Contar con educación financiera nos sirve para tomar decisiones mejores a la hora de realizar ciertos contratos, y también cuando tenemos que planificar el futuro. Es por ello que a continuación vamos a hacer un repaso a los principales tipos de préstamos que existen en la actualidad.

Préstamo
Préstamo

Préstamos hipotecarios

Estos préstamos se caracterizan por estar pensados para hacer frente a la compra de una vivienda. En este caso el préstamo se asocia a una garantía hipotecaria, que suele referirse a la propiedad misma que se va a adquirir.

Si bien los contratos pueden presentar sus particularidades, normalmente en caso de impago el prestamista tiene derecho a quedarse con la vivienda.

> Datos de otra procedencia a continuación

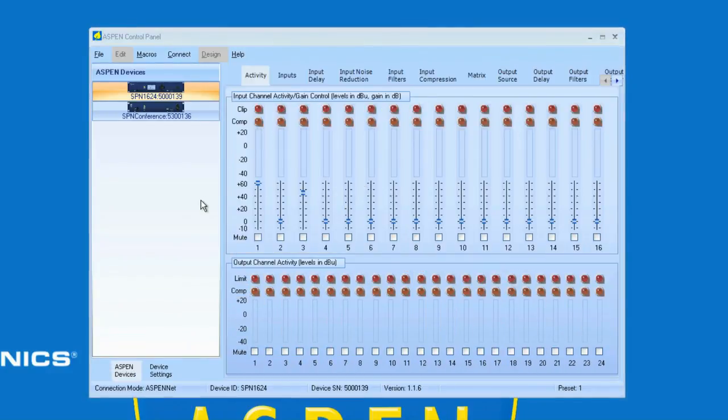So those are the three ways to connect to the Aspen device: USB, network, and serial.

Préstamos de respuesta inmediata

Se trata de pequeños préstamos al consumo en los que la urgencia es su característica más sobresaliente. El consumidor no tiene que presentar prácticamente papeles, y en cuestión de minutos puede obtener respuesta a la aceptación o rechazo de la solicitud.

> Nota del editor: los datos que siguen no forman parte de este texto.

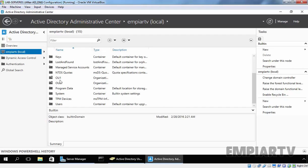This will create an OU named OU2 under our domain MPRTV.local. As you can see, we have OU1 and OU2. After you have created new OUs, it is easy to move objects such as users, computers, and groups to the new OU. You can simply drag the required object in Active Directory Users and Computers or Active Directory Administrative Center to the appropriate location. You can also right-click on the object and select Move, select the desired destination in the Move dialog box, and then click OK.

Las ventajas de estos préstamos son evidentes, ya que son especialmente útiles en aquellos casos en los que se presenta algún tipo de improviso económico y no se tienen ahorros para hacerles frente. También son una opción ideal para darse un pequeño capricho. Tenemos un buen ejemplo de ellos en Moneyman y sus créditos rápidos.

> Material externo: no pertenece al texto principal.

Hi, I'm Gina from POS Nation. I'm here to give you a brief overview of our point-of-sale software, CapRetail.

Préstamos para hacer reformas

Fuente: Pixabay

En el caso de estos préstamos, para recibir el dinero el prestamista puede pedir que se presente una factura de la constructora. Esto se debe a que dicho prestamista entiende que hacer una reforma va a revalorizar la propiedad, por lo que el cliente va a ser más solvente de lo que lo era antes.

Si el cliente no paga tendrá que pagar intereses por mora. Y si bien en principio estos préstamos no tienen por qué vincularse a una garantía patrimonial del cliente, lo cierto es que en última instancia todo va a depender de lo que se haya negociado.

Préstamos para comprar un coche

Tal como su propio nombre indica, el dinero se tiene que utilizar para financiar la compra de un vehículo, que tanto puede ser nuevo como de segunda mano. De forma general, basta con investigar un poco para encontrar un préstamo de este tipo en alguna entidad bancaria, y con un interés menor que el que ofrece el propio concesionario.

Suele ser habitual emplear el coche comprado como garantía del préstamo, razón por la cual el impago puede llegar a perder el coche.

Préstamos para estudios

Fuente: Pixabay

Dado que se considera que los estudios son productivos y que, con gran probabilidad van a proporcionar unos ingresos mayores al estudiante en el futuro, hay prestamistas que están dispuestos a dar préstamos para ello y con unos intereses bastante reducidos.

En Reino Unido y Estados Unidos son préstamos muy habituales, siéndolo menos en el caso de España, si bien aquí está creciendo su popularidad. El estudiante tendría que devolver el préstamo tras terminar los estudios con un sueldo algo más alto que va a conseguir gracias a la formación que ha recibido.